The decision is the latest in a challenge to a 2008 lease sale that opened a large area of land in the southern Arctic Ocean between Alaska and Russia to exploration, from which the government made about $2.6 billion.

Concerned by potential threats to the sea's bowhead whales, polar bears and other endangered species, as well as the subsistence lifeways that still thrive in some native communities along the coast, the Native Village of Point Hope, the Inupiat Community of the Arctic Slope and 10 environmental groups filed a federal complaint objecting to the sale.

The plaintiffs claimed specifically that the Bureau of Ocean Energy Management (BOEM) of the Department of the Interior had left important information out of its environmental impact statement, and that the agency's estimate, for benchmark purposes, that the lease area would produce just 1 billion barrels of economically viable oil was arbitrary.

After directing the agency to gather more information, and disagreeing with the plaintiffs as to the arbitrary nature of the numbers, U.S. District Judge Ralph Beistline ruled for the government, finding the impact study sufficient, at least for the lease-sale stage of the project.

A three-judge panel of 9th Circuit reversed some of those findings Wednesday.

The panel was unanimous that the agency had provided all the information required at this stage, but split over the 1 billion barrel benchmark.

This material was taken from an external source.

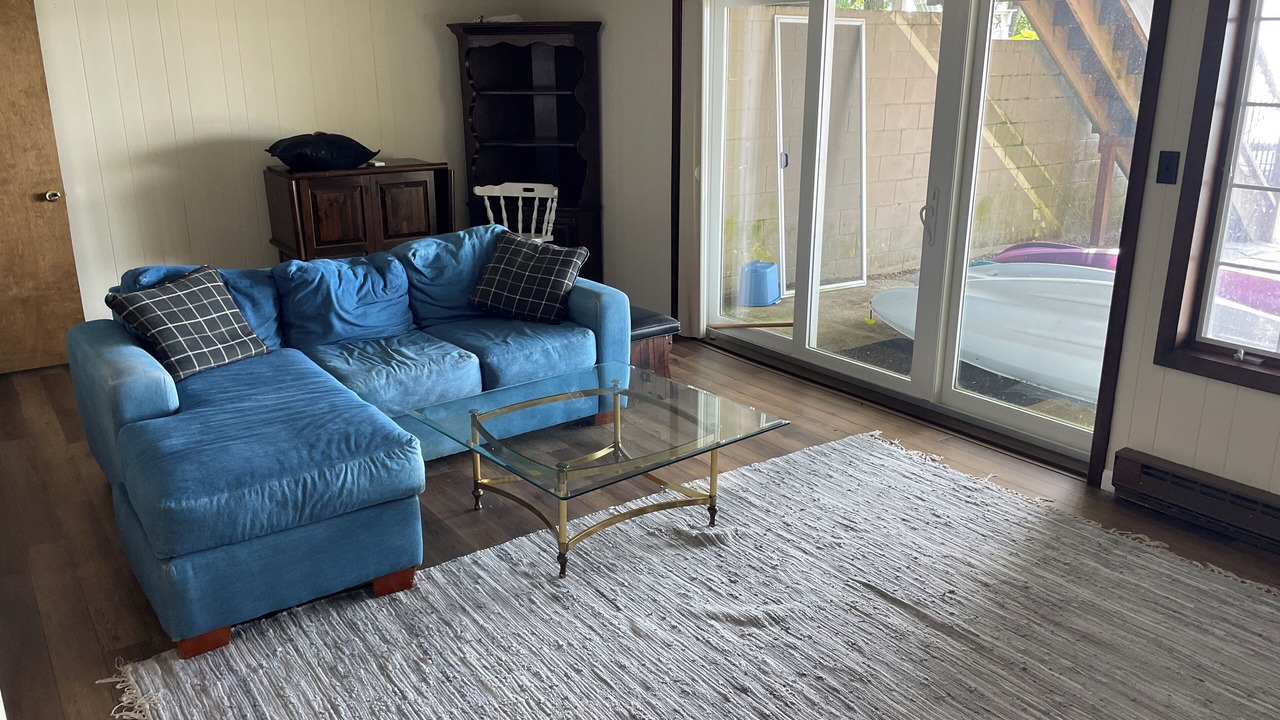 Photo of Bedroom in Elk Rapids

BOEM had argued that the 1 billion barrel estimate, which other agencies and the public criticized during the comment process, actually represented a realistic scenario because of the remoteness of the area and the many practical barriers to large-scale production there.

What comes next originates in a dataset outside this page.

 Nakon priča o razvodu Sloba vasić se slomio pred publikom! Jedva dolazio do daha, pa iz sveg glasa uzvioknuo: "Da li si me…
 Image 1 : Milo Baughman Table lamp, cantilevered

Indeed, David Shilton, who represented the Department of the Interior at oral arguments in the case last year, told the panel that the chances of actual development occurring in the sea was "less than 10 percent."

While practical, however, that approach defies the letter of the National Environmental Policy Act (NEPA), the appeals panel found.

"Having decided that oil production was reasonably foreseeable, NEPA required BOEM to base its analysis on the full range of likely production if oil production were to occur," Judge William Fletcher wrote for the panel. "It did not do so here."

Writing in partial dissent, Judge Johnnie Rawlinson reminded the other judges that they have "extremely limited" power to review an agency's analysis of its own technical data.

"It is beyond dispute that the Chukchi Sea contains oil deposits well in excess of one billion barrels," Rawlinson wrote. "But that is not the point. The point is whether the selection of one billion barrels as the benchmark was the product of agency expertise."